* ACTIVITY
From the line containing "February 4th 2014" to the end of the data, retype every line exactly and nothing else. Drop the pictures.

Scraped caption text data:
****

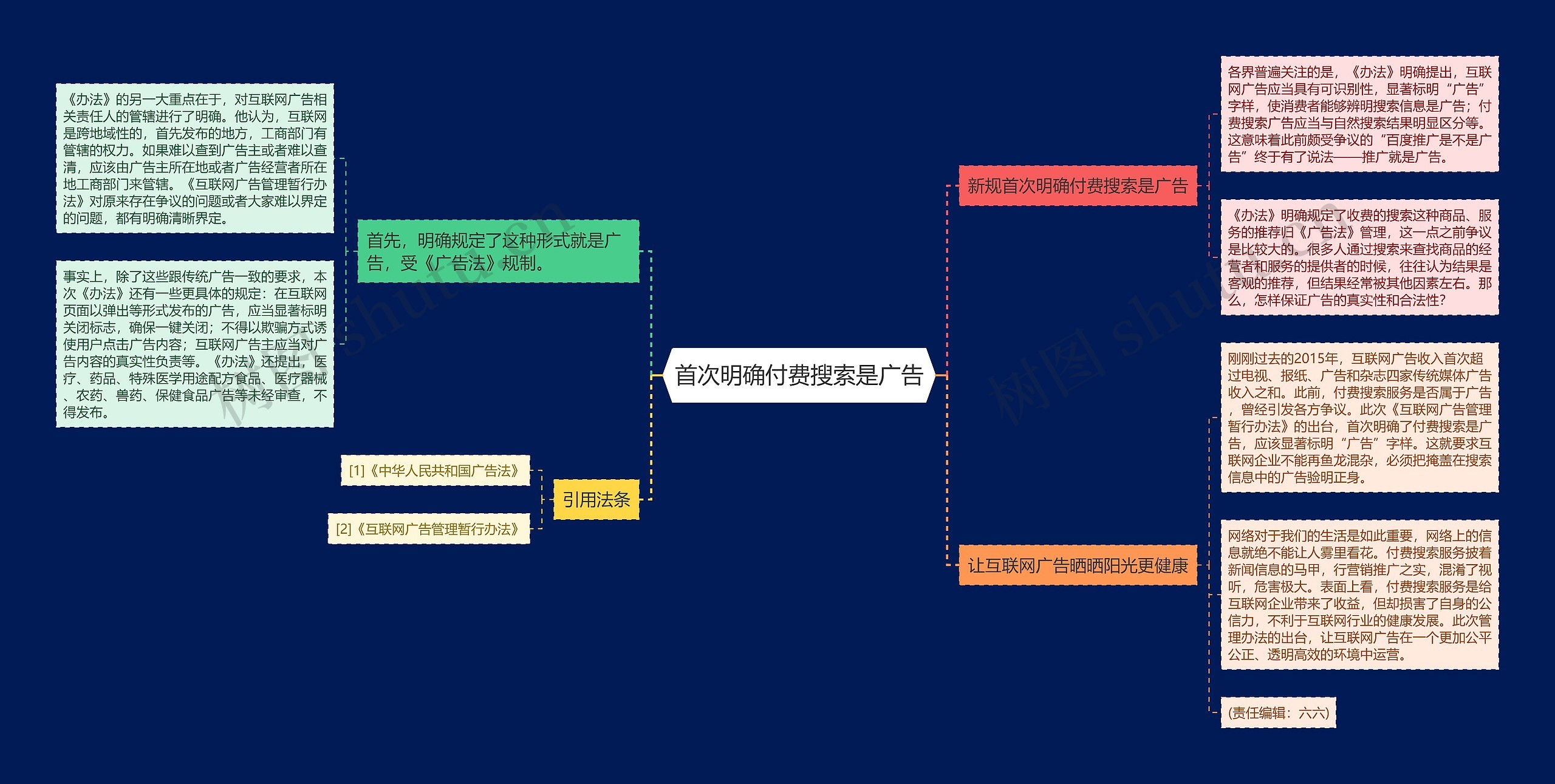 首次明确付费搜索是广告思维导图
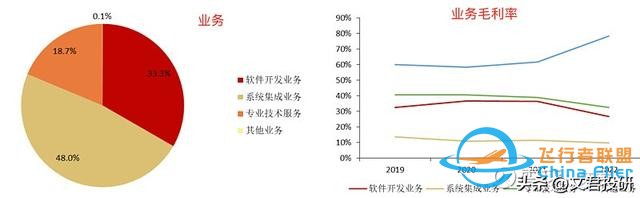 什么！你还不了解低空经济？这一篇就够了-5898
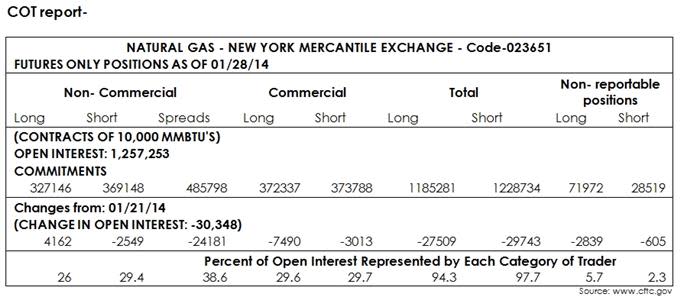 Natural_gas-_Weekly-_4th_February_2014_body_naturalgaspricesnymex.jpg, Natural Gas- Weekly Outlook for February 4th 2014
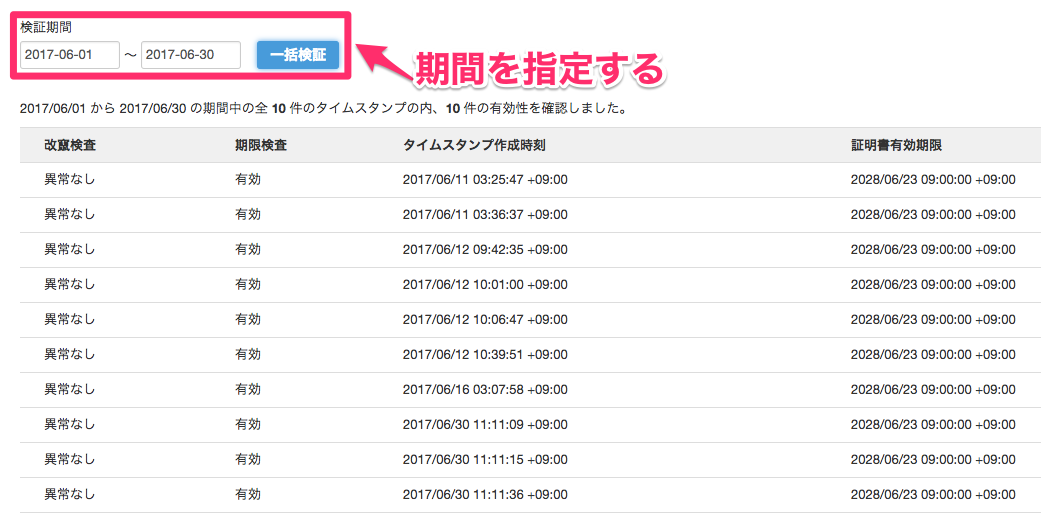 検証期間を赤枠で囲っている画面のスクリーンショット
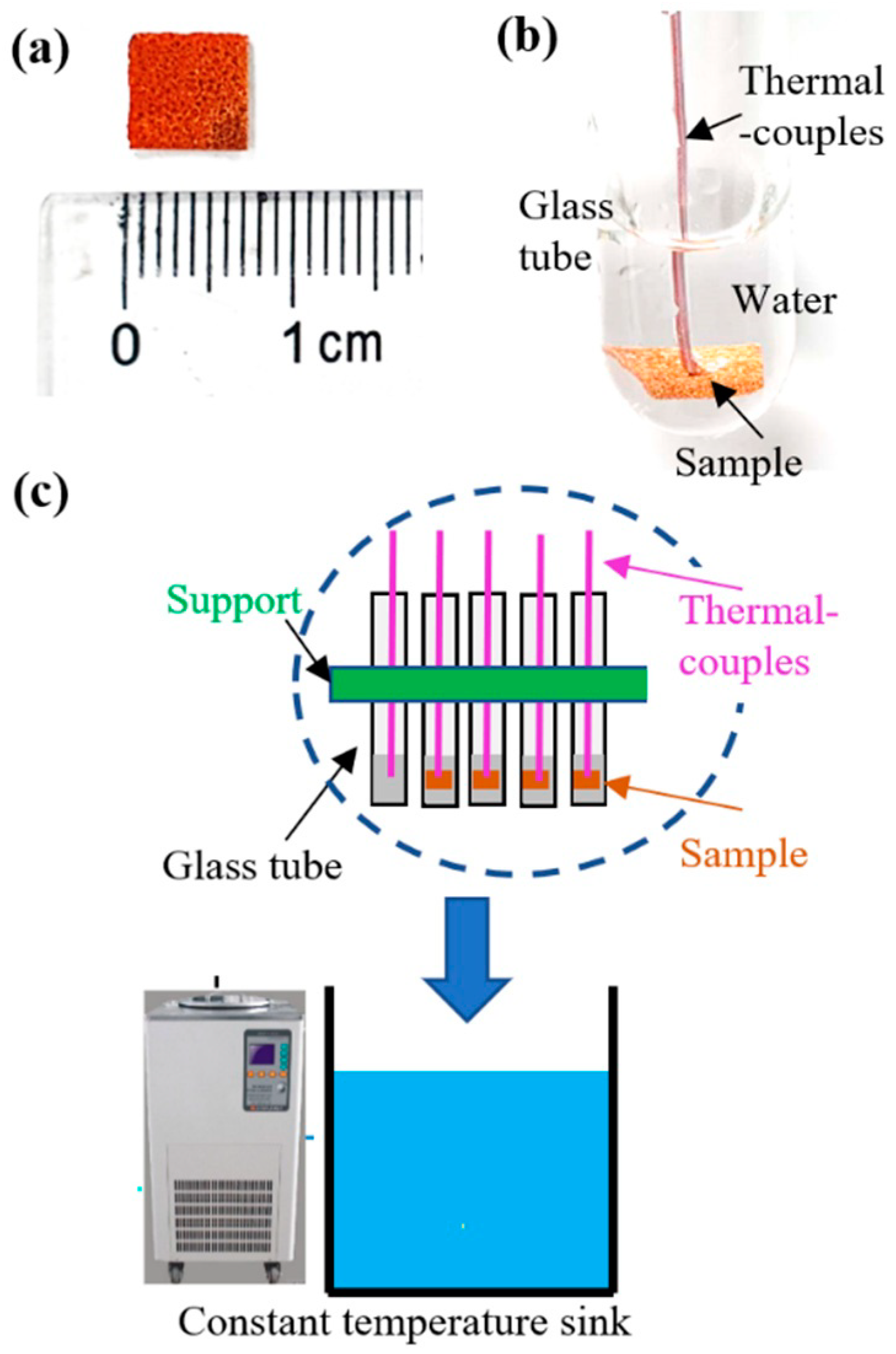Applsci 10 04202 g002 Applsci 10 04202 g002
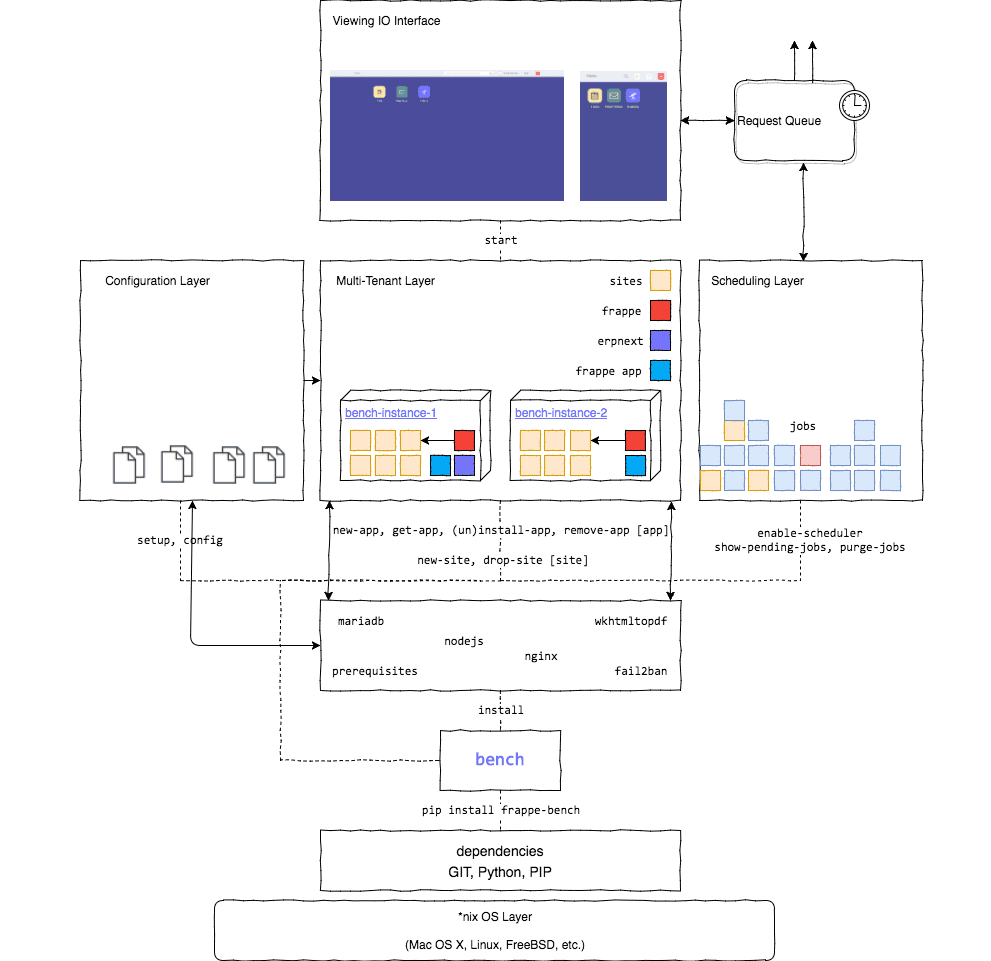 DNS Multitenant on Frappe bench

****

* ANSWER TO THE PROBLEM
 Natural_gas-_Weekly-_4th_February_2014_body_naturalgaspricesnymex.jpg, Natural Gas- Weekly Outlook for February 4th 2014
 検証期間を赤枠で囲っている画面のスクリーンショット
Applsci 10 04202 g002 Applsci 10 04202 g002
 DNS Multitenant on Frappe bench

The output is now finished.